Problem to solve – Every line in the data must be transcribed exactly.

Dataset excerpt –

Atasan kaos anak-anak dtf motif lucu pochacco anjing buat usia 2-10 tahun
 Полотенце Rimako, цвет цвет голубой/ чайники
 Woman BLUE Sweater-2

Problem solution –
Atasan kaos anak-anak dtf motif lucu pochacco anjing buat usia 2-10 tahun
 Полотенце Rimako, цвет цвет голубой/ чайники
 Woman BLUE Sweater-2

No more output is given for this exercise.